# GPS Coordinates or Driving Directions



## XDoodlebugger (Jan 24, 2012)

miky348 said:


> Hello,
> 
> I am trying to track down a property/plot in Jebel Ali Industrial Area. All I have is plot# 599-1903. It is located across 599-1000 (Dewa pumping station) near Road 80. Approached Dubai Land department and got GPS coordinates (2763700N, 480300E), they lead to outside of UAE (unless I am reading them wrong). Even called JAFZA customer service still no luck.
> 
> ...


Your coordinates are in the local datum, I have nothing to convert them here at home.


----------



## XDoodlebugger (Jan 24, 2012)

miky348 said:


> I don't understand....


They probably gave you coordinates the Dubai Local Transverse Mercator (DLTM) system, this is not the same as the latitude and longitude you use for your Garmin.

If it was a standard UTM system there are web sites that convert coordinates to Lats/Longs and I could give those to you. But the UAE is "special" and uses a local system that needs specialized software or web site to convert these. A hiking type or other Garmin might be able to do it for you, a standard car unit will not convert that I am aware of.

I have software on my work computer that will do the conversion but don't have it with me.

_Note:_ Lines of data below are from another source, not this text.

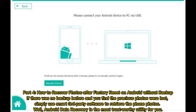Part 4: How to recover photos after factory reset on Android without backup. If there was no backup before and you find your precious photos were lost, simply use a third-party software to retrieve the phone photos. Android Data Recovery is the most trustworthy utility for you.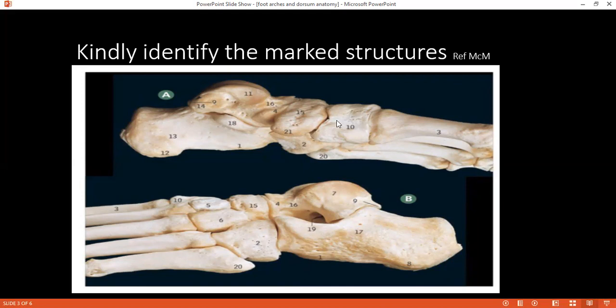Moving on to number 10. The student identifies it as a cuneiform — specifically the medial cuneiform. Correct.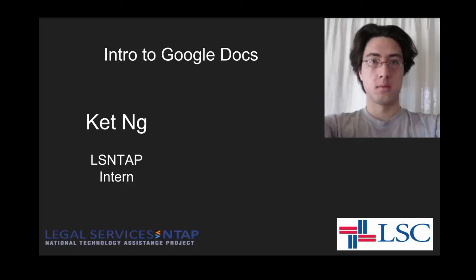Hello, this is Ket Inge with LSNTAP. I'm here to give you a short presentation on how to incorporate Google Docs into your workflow.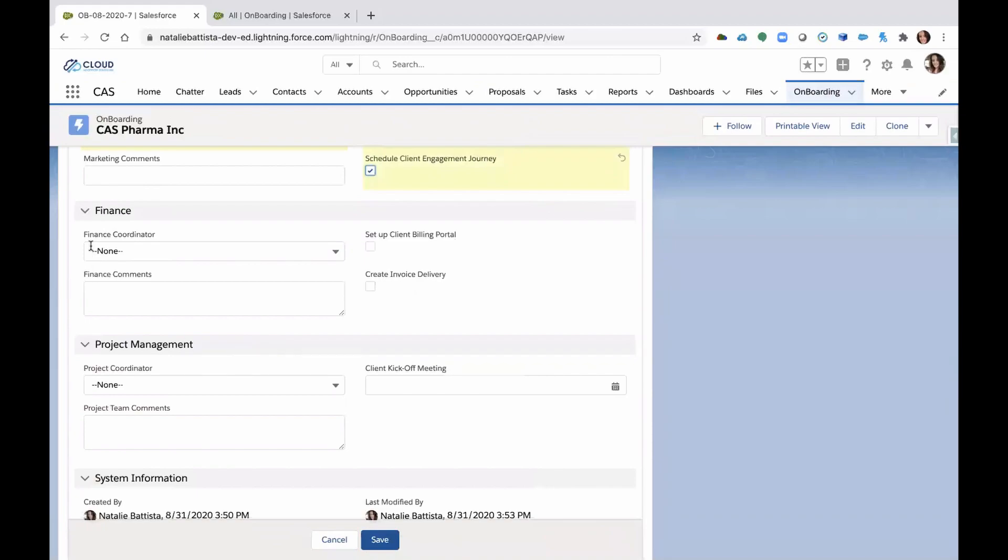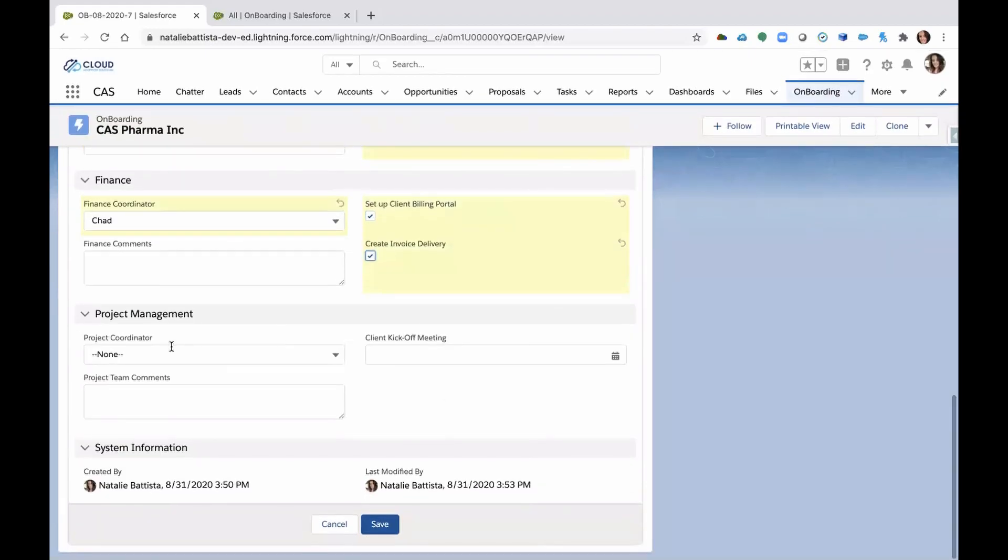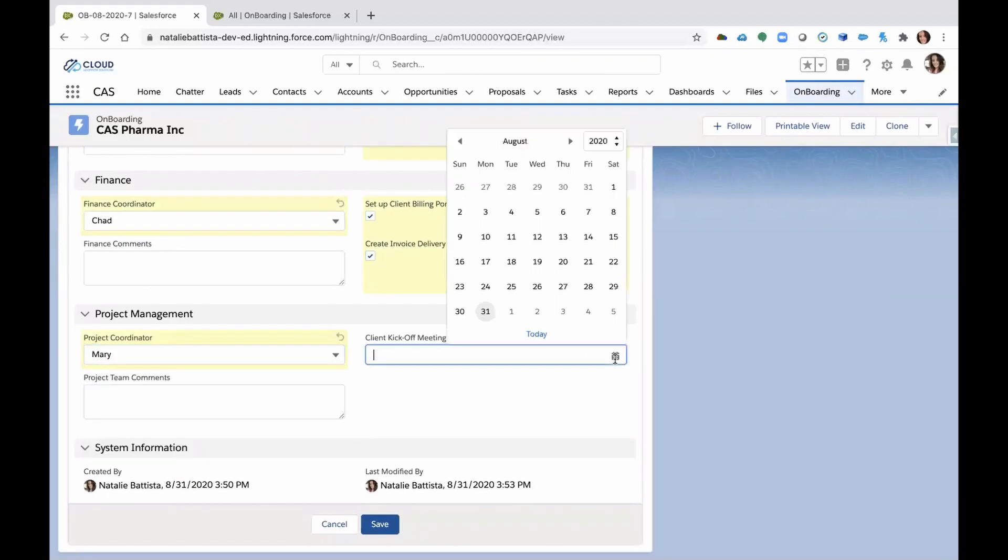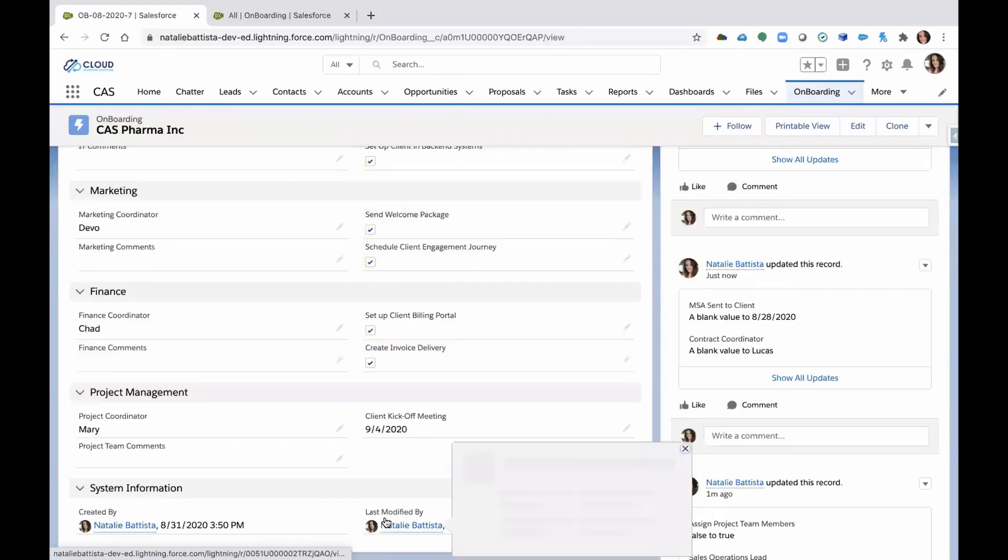Who else? We have finance. We're going to assign finance. They have to set up the client's billing and create their invoice delivery. And lastly, a project coordinator. We're going to assign Mary. She's got to schedule that kickoff meeting because that's important.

Basically the north coordinate is meters from the equator, the easting is meters from 55 degrees 20 minutes with a false easting of 500,000 meters.


----------



## XDoodlebugger (Jan 24, 2012)

miky348 said:


> Can you please do the conversion tomorrow at work and forward it?
> 
> thanks


Sorry, but the local system wasn't loaded into my software.


----------



## Red_Nosed (Nov 30, 2011)

Try reading this, see if it gets you started. But google for the tool elsewhere: 

GeoCommunity SpatialNews


----------



## Red_Nosed (Nov 30, 2011)

BTW, is this relevant to you? (Popped up in google)

Construction Project and Tenders - Labour Accommodation, G+4 at Plot No. 599-1903


----------